Runaway Brain is an Academy Award nominated, 7-minute-long, animated short subject produced by Walt Disney Feature Animation Paris, and starring Mickey Mouse, Minnie Mouse, and Pluto. It was released on August 11, 1995 attached to the feature A Kid in King Arthur's Court. In international theaters, it was shown in front of A Goofy Movie.
In the cartoon, Mickey is hooked on a Mortal Kombat-style video game based on Snow White and the Seven Dwarfs when Minnie comes home to find that Mickey forgot their anniversary. Rattled and in a hurry, Mickey comes up with a last-minute idea to take her to a miniature golf course. Showing her a newspaper, Minnie misinterprets and thinks Mickey is taking her to Hawaii, a trip that would cost $999.99, one penny short of $1000. An excited Minnie skips out the door before Mickey can set her straight, causing Mickey to worry about how to earn so much money. Pluto shows his master the "help wanted" ads, and Mickey finds an ad for work with a Dr. Frankenollie (an inside joke reference to Disney animators Frank Thomas and Ollie Johnston) for a day of "mindless work" that would instantly give him $999.99.
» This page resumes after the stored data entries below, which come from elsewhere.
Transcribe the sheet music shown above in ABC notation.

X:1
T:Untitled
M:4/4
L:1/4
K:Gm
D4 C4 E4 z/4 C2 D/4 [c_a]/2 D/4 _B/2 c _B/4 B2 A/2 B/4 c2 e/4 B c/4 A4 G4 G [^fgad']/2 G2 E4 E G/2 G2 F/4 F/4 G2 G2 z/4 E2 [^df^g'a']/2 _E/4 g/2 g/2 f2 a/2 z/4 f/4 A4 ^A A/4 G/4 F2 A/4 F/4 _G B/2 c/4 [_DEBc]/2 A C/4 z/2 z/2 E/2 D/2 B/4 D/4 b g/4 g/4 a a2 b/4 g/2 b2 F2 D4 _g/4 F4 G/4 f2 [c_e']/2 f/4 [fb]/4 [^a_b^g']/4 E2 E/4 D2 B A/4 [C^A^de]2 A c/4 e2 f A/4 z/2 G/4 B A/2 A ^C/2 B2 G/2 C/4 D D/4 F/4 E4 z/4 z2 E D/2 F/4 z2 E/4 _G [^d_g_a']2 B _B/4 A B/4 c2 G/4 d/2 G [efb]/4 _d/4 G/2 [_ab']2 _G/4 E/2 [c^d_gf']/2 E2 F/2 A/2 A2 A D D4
Mickey goes to the home of the simian Dr. Frankenollie (voiced by Kelsey Grammer). When he knocks the door, Mickey gets sucked downward through a trap door into Frankenollie's laboratory, where Frankenollie plans to switch Mickey's brain and soul with that of his monster, Julius (portrayed by perennial nemesis Black Pete). Although Dr. Frankenollie is killed in the experiment, the brain transfer is a success, with Mickey's mind ending up in Julius' giant body and Julius finding himself in control of Mickey's body.
The dimwitted and insane Julius finds Mickey's wallet in his pocket and, finding a photo of Minnie, is instantly smitten with her. He escapes the laboratory on a hunt for Minnie, whom he finds shopping for a bathing suit. When the real Mickey (in Julius' body) shows up to save his girlfriend, Minnie screams for help and runs until Mickey convinces her of who he is. Julius continues to pursue Minnie, leading to a battle between the two of them ("Go get him, Mickey!" cheers Minnie, "Rip his ears off!").
During the course of their battle, Julius and Mickey fall onto electric wires, which cause their minds and souls to transfer back to their correct bodies. Although Julius is more of a threat than ever now that he is again in control of his own monstrous body, Mickey manages to subdue him and save Minnie. The closing scene of the film finds Mickey and Minnie on their way to Hawaii, with Julius providing the horsepower for their inner tube.
- Wayne Allwine as Mickey Mouse
- Russi Taylor as Minnie Mouse
- Kelsey Grammer as Dr. Frankenollie
- Jim Cummings as Julius
- Bill Farmer as Pluto
When the film was first being pitched, Dr. Frankenollie's role was played by Professor Ecks from Floyd Gottfredson's Mickey Mouse comic strip storyline Blaggard Castle, though studio executives didn't go for it and the new character was created.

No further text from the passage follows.